His goal is to create a more secure, stable infrastructure for the Internet. “The foundation has to be built on bedrock. It needs to be as secure as it can be.”
Osterweil, who joined Mason in fall 2018, is building a team of researchers to investigate ways to improve the security of core Internet protocols, including inter-domain routing, the super-highway of the Internet that carries all traffic, and the Domain Name System (DNS), the system that gives names to all Internet resources.

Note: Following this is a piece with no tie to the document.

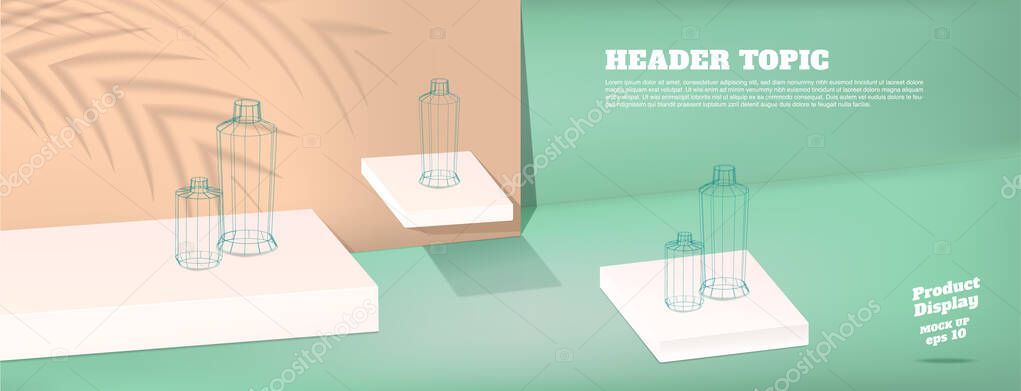 Summer studio table with product display block background.pastel mint green and peach with palm leaf shadow and hard light room for display of product.mockup banner for advertising online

He’s also working to extend those protections into other security mechanisms and tools throughout Internet systems.
This work could help prevent many common malicious attacks including data theft, problems with authentication and authorization, and distributed denial of service (DDoS) attacks—massive volumes of cyberattack traffic that routinely make headlines by knocking large websites offline, he says. “It will help secure email, the internet of things, mobile health, cyber-physical systems like those in cars.”
“I’m investigating solutions that will, for example, ensure no one—not even your email provider—can see the email conversations that you have with others.”

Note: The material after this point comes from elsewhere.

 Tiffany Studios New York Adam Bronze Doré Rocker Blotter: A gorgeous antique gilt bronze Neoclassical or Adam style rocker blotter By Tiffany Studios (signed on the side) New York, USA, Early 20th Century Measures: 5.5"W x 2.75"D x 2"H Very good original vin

Sanjeev Setia, chair of the computer science department, says, “The Domain Name System is critical to the functioning of the internet, and Eric is one of the world's leading experts on the subject of DNS security.”
His research expertise in Internet security complements the department’s existing strengths in cryptography and security of mobile networks and cyber-physical systems, Setia says.
Osterweil spent almost 20 years working in industry, operations, standards, and policy communities to gain insights into cybersecurity. He’s working with them now, fostering collaborations and pursuing funding.
He says he’s “thrilled to be working with Mason’s talented researchers who have a great reputation in the computer science and cybersecurity communities."
“We need to secure the Internet’s foundation in a way that enables coherent, consistent, and useable security all the way up the layers of software, so users feel secure when they tap their phones, bring connected devices into their homes, and rely on the safety systems in their cars,” he says.
“I believe we have reached the turning point where long sought after security protections are within our grasp, and we now have the opportunity to turn the tide of the cybersecurity arms race.”